Pregnancy Tracker: 28 weeks, 3 days
Size of the Baby: 2.5 to 3 pounds!
Biggest Obstacle: Waiting patiently.
Parents-to-be hope and pray that their child will be healthy and normal. In some ways, we all hope our children are special, talented, and bright. Today, Dennis and I learned that are child is completely average... and we were ecstatic.
Today was our 28-week ultrasound. The main purpose of this scan is to check the baby's size. As I mentioned in previous posts, type 1 diabetics have all sorts of risk factors that can contribute to either large or undersized babies.
In all of my previous ultrasounds, from as early as 6 weeks, our baby has been measuring exactly as its gestational age.
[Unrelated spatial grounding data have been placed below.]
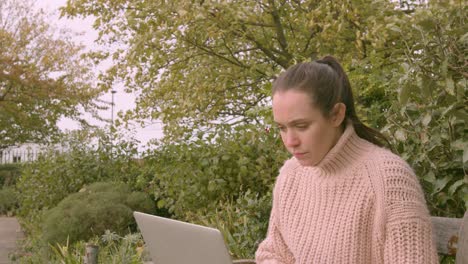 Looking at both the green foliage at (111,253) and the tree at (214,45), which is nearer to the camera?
the green foliage at (111,253)

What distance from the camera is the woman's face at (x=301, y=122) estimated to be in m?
1.93

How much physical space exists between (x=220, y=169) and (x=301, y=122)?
159 inches

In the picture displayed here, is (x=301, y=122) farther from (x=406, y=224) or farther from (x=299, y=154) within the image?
(x=406, y=224)

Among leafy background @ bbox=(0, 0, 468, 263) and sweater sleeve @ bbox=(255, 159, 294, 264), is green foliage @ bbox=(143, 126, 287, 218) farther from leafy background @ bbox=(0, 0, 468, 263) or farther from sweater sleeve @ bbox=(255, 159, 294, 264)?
sweater sleeve @ bbox=(255, 159, 294, 264)

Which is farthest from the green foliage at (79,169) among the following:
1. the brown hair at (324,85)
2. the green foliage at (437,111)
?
the brown hair at (324,85)

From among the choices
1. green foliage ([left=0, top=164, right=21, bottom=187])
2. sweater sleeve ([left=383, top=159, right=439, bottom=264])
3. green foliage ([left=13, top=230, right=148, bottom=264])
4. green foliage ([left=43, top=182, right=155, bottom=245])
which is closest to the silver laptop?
sweater sleeve ([left=383, top=159, right=439, bottom=264])

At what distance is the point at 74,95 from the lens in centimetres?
1939

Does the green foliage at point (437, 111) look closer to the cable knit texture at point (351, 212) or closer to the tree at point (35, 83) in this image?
the cable knit texture at point (351, 212)

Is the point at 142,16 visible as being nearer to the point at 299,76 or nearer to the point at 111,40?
the point at 111,40

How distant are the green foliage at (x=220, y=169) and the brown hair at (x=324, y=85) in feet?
9.72

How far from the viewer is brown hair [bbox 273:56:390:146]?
1.96 meters

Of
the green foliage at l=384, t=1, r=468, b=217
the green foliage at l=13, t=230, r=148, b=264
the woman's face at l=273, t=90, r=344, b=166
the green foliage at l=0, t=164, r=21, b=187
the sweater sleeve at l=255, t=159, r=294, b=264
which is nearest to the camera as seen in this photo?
the woman's face at l=273, t=90, r=344, b=166

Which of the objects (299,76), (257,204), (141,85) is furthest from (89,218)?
(299,76)

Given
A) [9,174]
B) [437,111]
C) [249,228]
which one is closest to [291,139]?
[437,111] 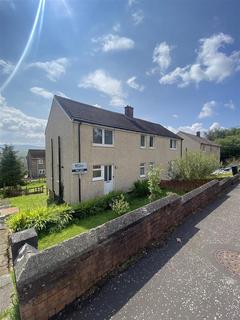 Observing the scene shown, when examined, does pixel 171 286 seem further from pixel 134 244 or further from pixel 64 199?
pixel 64 199

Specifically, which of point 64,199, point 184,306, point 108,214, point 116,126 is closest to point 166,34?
point 116,126

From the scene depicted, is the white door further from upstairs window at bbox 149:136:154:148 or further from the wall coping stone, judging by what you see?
the wall coping stone

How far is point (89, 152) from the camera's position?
12.9m

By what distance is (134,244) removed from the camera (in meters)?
4.12

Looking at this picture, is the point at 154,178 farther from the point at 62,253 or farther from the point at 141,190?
the point at 62,253

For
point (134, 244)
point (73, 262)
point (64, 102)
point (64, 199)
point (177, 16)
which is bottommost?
point (64, 199)

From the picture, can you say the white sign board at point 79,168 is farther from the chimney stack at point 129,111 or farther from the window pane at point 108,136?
the chimney stack at point 129,111

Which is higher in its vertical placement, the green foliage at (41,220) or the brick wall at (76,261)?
the brick wall at (76,261)

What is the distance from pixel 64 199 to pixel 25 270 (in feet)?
39.8

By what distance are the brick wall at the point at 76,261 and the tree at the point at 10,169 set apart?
1120 inches

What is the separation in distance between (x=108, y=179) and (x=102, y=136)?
3398 mm

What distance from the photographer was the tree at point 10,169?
92.1ft

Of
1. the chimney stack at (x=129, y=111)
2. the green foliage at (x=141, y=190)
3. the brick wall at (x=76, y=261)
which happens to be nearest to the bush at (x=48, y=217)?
the green foliage at (x=141, y=190)

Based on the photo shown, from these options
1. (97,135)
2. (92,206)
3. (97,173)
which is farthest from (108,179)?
(92,206) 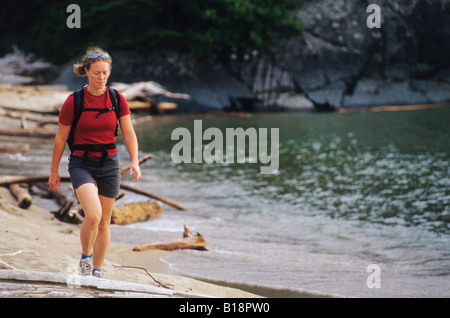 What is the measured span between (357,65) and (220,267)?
3040cm

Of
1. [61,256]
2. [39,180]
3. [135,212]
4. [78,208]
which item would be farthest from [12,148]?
[61,256]

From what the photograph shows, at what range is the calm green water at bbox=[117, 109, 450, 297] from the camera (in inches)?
259

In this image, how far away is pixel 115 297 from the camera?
3.76m

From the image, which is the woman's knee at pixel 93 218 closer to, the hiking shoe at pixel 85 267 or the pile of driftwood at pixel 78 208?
the hiking shoe at pixel 85 267

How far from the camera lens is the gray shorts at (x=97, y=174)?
13.9 ft

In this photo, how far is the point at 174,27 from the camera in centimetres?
3588

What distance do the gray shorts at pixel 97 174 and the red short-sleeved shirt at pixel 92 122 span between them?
0.21 feet

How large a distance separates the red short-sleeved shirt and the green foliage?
2999 centimetres

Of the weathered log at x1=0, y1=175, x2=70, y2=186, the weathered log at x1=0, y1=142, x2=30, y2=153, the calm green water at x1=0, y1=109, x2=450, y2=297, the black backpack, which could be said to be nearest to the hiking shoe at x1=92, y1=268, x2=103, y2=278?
the black backpack

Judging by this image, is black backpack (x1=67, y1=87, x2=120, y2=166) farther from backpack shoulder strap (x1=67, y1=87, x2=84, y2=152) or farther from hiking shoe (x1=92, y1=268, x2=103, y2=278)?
hiking shoe (x1=92, y1=268, x2=103, y2=278)

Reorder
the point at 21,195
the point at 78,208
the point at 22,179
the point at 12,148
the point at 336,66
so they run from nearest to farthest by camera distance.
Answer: the point at 78,208 → the point at 21,195 → the point at 22,179 → the point at 12,148 → the point at 336,66

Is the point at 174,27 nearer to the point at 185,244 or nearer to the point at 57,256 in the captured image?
the point at 185,244

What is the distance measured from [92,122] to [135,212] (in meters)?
4.67

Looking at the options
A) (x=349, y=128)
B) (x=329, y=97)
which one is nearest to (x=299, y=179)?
(x=349, y=128) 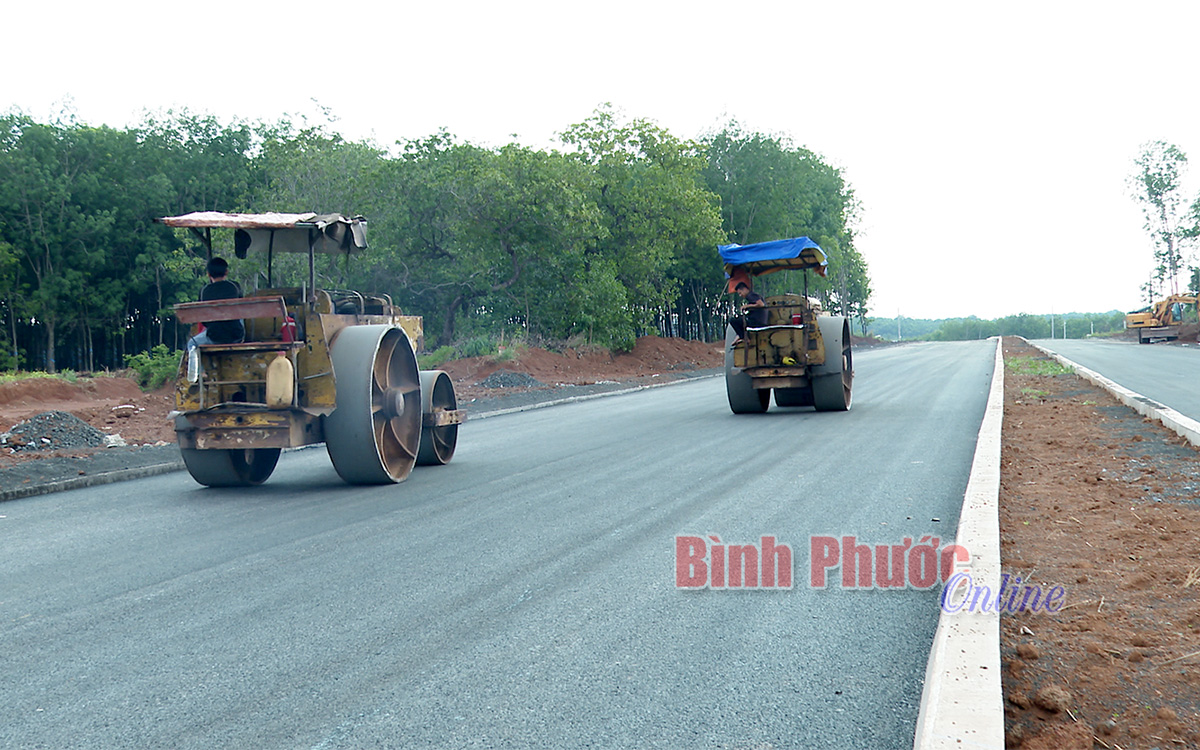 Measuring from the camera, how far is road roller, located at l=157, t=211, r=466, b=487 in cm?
825

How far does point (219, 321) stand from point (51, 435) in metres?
6.00

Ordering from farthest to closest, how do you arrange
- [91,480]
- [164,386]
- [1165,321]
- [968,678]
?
1. [1165,321]
2. [164,386]
3. [91,480]
4. [968,678]

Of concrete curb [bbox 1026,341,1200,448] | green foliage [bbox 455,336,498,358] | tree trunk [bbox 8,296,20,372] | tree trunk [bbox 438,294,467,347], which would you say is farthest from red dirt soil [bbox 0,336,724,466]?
tree trunk [bbox 8,296,20,372]

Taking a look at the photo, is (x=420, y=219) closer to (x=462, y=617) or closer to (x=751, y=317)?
(x=751, y=317)

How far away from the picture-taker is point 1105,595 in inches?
173

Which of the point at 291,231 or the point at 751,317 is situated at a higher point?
the point at 291,231

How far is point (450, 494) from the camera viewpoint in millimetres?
8156

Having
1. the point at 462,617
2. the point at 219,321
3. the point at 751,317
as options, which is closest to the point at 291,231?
the point at 219,321

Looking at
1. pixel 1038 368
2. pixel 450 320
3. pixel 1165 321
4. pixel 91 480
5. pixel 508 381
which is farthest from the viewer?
pixel 1165 321

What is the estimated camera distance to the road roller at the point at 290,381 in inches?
325

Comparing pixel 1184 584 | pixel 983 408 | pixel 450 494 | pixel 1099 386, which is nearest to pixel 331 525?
pixel 450 494

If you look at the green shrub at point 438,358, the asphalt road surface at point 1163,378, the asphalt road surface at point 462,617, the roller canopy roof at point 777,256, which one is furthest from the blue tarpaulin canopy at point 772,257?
the green shrub at point 438,358

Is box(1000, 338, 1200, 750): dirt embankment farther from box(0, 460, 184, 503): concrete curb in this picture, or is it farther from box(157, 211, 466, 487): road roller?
box(0, 460, 184, 503): concrete curb

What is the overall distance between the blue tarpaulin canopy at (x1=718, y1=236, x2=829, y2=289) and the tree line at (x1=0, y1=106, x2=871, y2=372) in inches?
386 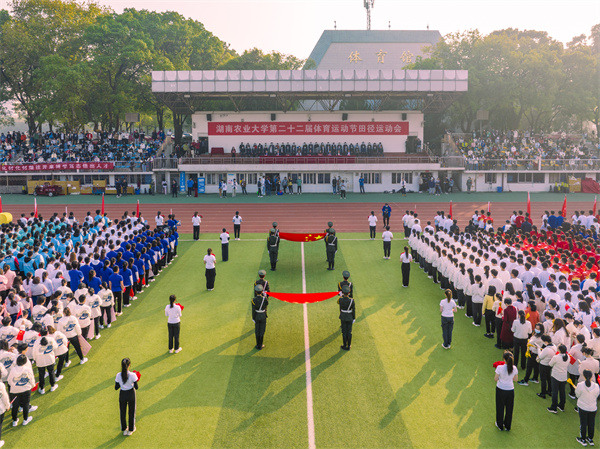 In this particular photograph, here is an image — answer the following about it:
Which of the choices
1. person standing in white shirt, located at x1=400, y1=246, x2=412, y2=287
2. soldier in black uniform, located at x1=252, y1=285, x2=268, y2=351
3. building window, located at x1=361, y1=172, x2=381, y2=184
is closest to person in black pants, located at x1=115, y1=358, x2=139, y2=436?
soldier in black uniform, located at x1=252, y1=285, x2=268, y2=351

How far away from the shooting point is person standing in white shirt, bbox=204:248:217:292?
1550 centimetres

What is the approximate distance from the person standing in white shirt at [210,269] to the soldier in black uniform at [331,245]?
454cm

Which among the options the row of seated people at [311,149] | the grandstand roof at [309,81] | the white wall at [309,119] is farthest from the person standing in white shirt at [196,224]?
the white wall at [309,119]

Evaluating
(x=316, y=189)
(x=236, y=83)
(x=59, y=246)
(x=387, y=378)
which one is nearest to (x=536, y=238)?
(x=387, y=378)

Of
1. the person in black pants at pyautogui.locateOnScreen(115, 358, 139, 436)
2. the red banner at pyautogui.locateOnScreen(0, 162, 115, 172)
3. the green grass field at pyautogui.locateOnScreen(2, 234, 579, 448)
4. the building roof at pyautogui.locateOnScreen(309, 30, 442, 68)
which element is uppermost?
A: the building roof at pyautogui.locateOnScreen(309, 30, 442, 68)

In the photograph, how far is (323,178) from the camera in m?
42.2

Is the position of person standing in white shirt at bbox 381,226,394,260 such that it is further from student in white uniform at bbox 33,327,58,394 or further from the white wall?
A: the white wall

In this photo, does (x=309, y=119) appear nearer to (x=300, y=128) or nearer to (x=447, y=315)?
(x=300, y=128)

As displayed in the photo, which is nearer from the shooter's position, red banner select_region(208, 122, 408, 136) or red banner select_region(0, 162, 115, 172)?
red banner select_region(0, 162, 115, 172)

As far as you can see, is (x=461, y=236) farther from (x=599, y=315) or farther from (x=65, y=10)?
(x=65, y=10)

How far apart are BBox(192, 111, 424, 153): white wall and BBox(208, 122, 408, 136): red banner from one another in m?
0.30

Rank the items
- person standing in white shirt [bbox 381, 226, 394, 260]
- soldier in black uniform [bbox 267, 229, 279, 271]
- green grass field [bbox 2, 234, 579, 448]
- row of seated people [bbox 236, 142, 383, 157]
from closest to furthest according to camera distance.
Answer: green grass field [bbox 2, 234, 579, 448]
soldier in black uniform [bbox 267, 229, 279, 271]
person standing in white shirt [bbox 381, 226, 394, 260]
row of seated people [bbox 236, 142, 383, 157]

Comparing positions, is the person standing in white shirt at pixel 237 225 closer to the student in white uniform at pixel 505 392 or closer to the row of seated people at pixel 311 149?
the student in white uniform at pixel 505 392

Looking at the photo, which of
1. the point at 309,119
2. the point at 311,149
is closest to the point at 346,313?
the point at 311,149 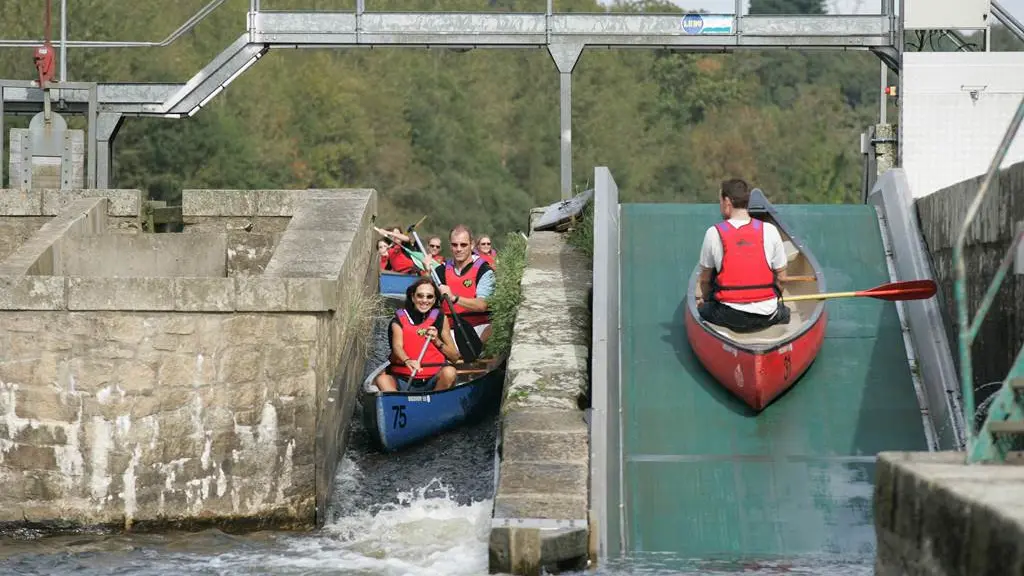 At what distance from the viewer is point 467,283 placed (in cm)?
1349

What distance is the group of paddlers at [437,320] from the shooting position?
12.1m

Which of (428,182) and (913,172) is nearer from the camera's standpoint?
(913,172)

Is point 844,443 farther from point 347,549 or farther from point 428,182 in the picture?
point 428,182

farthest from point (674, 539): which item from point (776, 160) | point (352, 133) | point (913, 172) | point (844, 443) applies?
point (776, 160)

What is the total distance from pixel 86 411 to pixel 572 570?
357 cm

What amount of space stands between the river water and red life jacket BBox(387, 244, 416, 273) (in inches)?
240

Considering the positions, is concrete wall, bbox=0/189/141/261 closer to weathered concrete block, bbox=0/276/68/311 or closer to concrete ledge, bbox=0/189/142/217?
concrete ledge, bbox=0/189/142/217

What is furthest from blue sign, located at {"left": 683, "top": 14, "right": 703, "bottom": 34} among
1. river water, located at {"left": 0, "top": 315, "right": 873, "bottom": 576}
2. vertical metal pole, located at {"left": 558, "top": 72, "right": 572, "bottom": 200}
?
river water, located at {"left": 0, "top": 315, "right": 873, "bottom": 576}

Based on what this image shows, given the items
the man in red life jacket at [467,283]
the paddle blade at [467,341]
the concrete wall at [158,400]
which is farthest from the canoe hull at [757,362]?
the concrete wall at [158,400]

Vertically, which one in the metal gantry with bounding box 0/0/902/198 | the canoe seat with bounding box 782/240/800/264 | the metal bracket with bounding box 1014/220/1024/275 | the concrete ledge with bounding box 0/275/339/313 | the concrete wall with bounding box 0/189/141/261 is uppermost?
the metal gantry with bounding box 0/0/902/198

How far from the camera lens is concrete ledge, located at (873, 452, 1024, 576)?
18.2ft

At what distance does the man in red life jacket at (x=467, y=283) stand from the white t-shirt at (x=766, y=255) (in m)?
2.70

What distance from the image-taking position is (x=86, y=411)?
1052 cm

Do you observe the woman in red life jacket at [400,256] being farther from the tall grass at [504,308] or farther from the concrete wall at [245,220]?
the tall grass at [504,308] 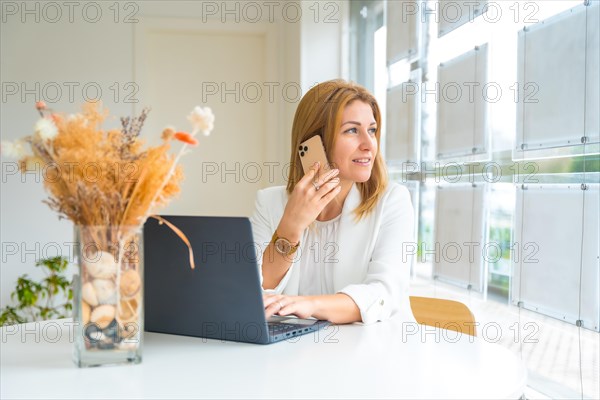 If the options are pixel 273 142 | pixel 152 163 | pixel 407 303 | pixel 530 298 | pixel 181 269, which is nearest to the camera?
pixel 152 163

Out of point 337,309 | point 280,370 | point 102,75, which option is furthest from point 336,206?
point 102,75

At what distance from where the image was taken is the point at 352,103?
213 cm

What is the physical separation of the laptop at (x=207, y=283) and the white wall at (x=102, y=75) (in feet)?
11.0

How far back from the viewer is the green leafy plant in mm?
4535

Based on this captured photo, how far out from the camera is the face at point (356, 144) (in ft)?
6.75

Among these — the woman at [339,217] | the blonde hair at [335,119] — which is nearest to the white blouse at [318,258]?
the woman at [339,217]

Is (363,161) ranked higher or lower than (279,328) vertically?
higher

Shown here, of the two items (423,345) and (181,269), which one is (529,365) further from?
(181,269)

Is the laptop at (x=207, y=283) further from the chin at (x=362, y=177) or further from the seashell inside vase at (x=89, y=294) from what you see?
the chin at (x=362, y=177)

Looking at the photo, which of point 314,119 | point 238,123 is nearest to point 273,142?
point 238,123

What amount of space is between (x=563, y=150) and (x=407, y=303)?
77 cm

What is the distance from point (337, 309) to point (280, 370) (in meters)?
0.45

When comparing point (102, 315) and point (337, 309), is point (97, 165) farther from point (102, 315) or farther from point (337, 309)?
point (337, 309)

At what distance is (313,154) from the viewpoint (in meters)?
2.17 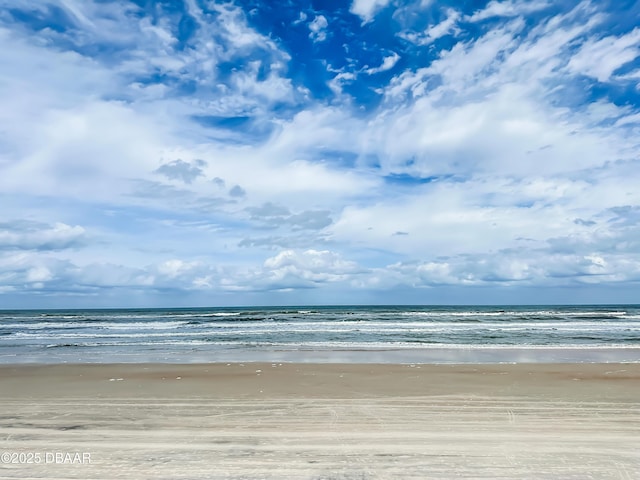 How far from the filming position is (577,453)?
196 inches

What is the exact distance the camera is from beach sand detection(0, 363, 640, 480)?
4633 mm

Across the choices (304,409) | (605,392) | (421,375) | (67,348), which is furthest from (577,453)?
(67,348)

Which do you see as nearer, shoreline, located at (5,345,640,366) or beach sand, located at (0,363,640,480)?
beach sand, located at (0,363,640,480)

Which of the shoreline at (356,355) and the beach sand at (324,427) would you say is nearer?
the beach sand at (324,427)

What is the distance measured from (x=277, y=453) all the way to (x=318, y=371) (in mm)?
7107

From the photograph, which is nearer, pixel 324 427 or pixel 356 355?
Answer: pixel 324 427

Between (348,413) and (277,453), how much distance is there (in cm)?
217

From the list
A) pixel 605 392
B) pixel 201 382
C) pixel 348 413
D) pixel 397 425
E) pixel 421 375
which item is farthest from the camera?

However, it's been nearly two months since we had received a size update, so I wasn't sure what to expect today. Had the baby suddenly put on 3 pounds? Is that marginal placental insertion causing the baby not to grow properly?
It was cool, as always, to see all of the baby's organs, limbs, and beating heart on the ultrasound. We got a little wave and some good shots of the baby's face. After reminding both of the techs that we don't want to know the gender, they were sure not to look in the telltale region.
Much of what the techs checked was indistinguishable for Dennis and me. They took such careful scans of the heart and each individual chamber and ventricle, since that's obviously a critical organ and an area that might be underdeveloped with poorly controlled maternal diabetes.
After cleaning all the icky gel off my belly and looking at the fun pictures with Dennis, we got a visit from the doctor who'd reviewed the scans. She said that the baby was measuring exactly in the 50th percentile for size.
I said, "Average is good." To which she replied, "Average is great!"
Specifically, the baby's weight was calculated to be 2 pounds, 13 ounces, with a 7-ounce margin of error, which puts him or her right in the normal 2.5 to 3 pound range.
The poor ultrasound tech was a student and our little one wasn't making it easy for her to see everything she needed to. I could feel the baby moving all around and she commented that the baby was extremely active.
At 28 weeks I also started logging daily kick counts. When I notice the baby is active, I note the start time and wait to feel 10 distinct movements. After 10 kicks, I record the end time. If I go a day without feeling the baby move, I'm supposed to call the doctor and possibly go get checked at the hospital. So far so good with the kick counts. Today the baby got all excited and moved 10 times within 2 minutes. A new personal record!